Levé avec le soleil, comme chaque jour dans les pays d’Asie, d’Israël au Sud-Est asiatique. La lumière latérale souligne dans certaines parties de ces montagnes les cultures en terrasses. Une femme coupe de l’herbe avec une faucille ; elle en remplit une hotte en osier. Un homme retourne la terre d’une terrasse à l’aide d’un petit motoculteur et j’observe sans pouvoir m’en détacher le mouvement des griffes métalliques qui retournent la terre si méthodiquement, une terre humide et brune, promesse d’une bonne récolte. A présent, des paysans arrivent d’un peu partout, avec des instruments à l’épaule ou à la main – l’un d’eux accompagne deux vaches. Une femme en sari safran marche avec sur son dos un énorme panier en osier duquel dépassent des gerbes d’herbes luisantes – comme des traits de lumière – qu’anime le rythme de sa marche, une marche lente et décidée. L’homme a terminé de retourner la terre de son lopin que délimite une terrasse bordée de hautes herbes bien vertes sur lesquelles s’attarde de la rosée qu’exalte une lumière encore très oblique.
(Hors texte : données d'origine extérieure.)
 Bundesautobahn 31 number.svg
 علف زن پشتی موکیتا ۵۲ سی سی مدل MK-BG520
Tout en observant les travaux des champs, je poursuis la lecture de « Slowly Down the Ganges ». Eric Newby est à Jawalapur, « the place of pilgrimage for those in search of forbidden pleasures. »
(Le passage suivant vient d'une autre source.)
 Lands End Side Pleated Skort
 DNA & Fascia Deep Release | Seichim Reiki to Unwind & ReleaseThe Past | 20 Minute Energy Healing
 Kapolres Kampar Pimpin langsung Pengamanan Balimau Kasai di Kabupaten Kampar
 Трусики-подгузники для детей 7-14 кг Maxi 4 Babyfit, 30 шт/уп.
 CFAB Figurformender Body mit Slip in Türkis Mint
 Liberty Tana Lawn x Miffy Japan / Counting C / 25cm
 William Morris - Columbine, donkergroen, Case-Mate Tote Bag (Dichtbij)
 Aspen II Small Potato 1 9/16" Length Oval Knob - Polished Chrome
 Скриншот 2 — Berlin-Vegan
Une femme s’approche de l’homme qui laboure. Elle tient à la main deux petites roues. L’homme a terminé son travail. Il ôte la herse rotative de son motoculteur et la remplace par les deux petites roues. La femme repart avec la herse rotative.

Montée sur une hauteur qui m’inquiète vue d’en bas (je suis vite sujet au vertige). Cette montée est rude mais une fois qu’on s’y engage elle n’est en rien vertigineuse avec son épaisse végétation et ses retraits (invisibles vus d’en bas). Dans cette montée nous nous arrêtons dans un atelier de fabrication de sacs à base de toile de jute, des sacs rustiques et non dénués d’élégance. A côté de cet atelier, une école qui compte une douzaine d’élèves installés dans une simple pièce rectangulaire passée à la peinture jaune pâle. Les enfants touchent nos chaussures en signe de respect (ce qui me dérange et ce qui avait dérangé Eric Newby) puis, sous la direction de leur maîtresse, ils nous chantent des chansons auxquelles nous applaudissons. Aux murs des affiches avec noms de plantes et d’oiseaux en hindi et en anglais. J’improvise quelques jeux qui font appel au réflexe. Ici, les enfants jouent avec des riens car ils n’ont rien. J’imite des cris d’animaux. Des enfants sourient mais d’autres semblent inquiets. J’arrête donc. Arrêt sur une crête après une rude montée. Des souffles de fraîcheur sur mon corps en sueur. Je remercie les dieux et je remercie Dieu. Je me suis fait discrètement polythéiste au cours de ce séjour, par respect pour mes hôtes.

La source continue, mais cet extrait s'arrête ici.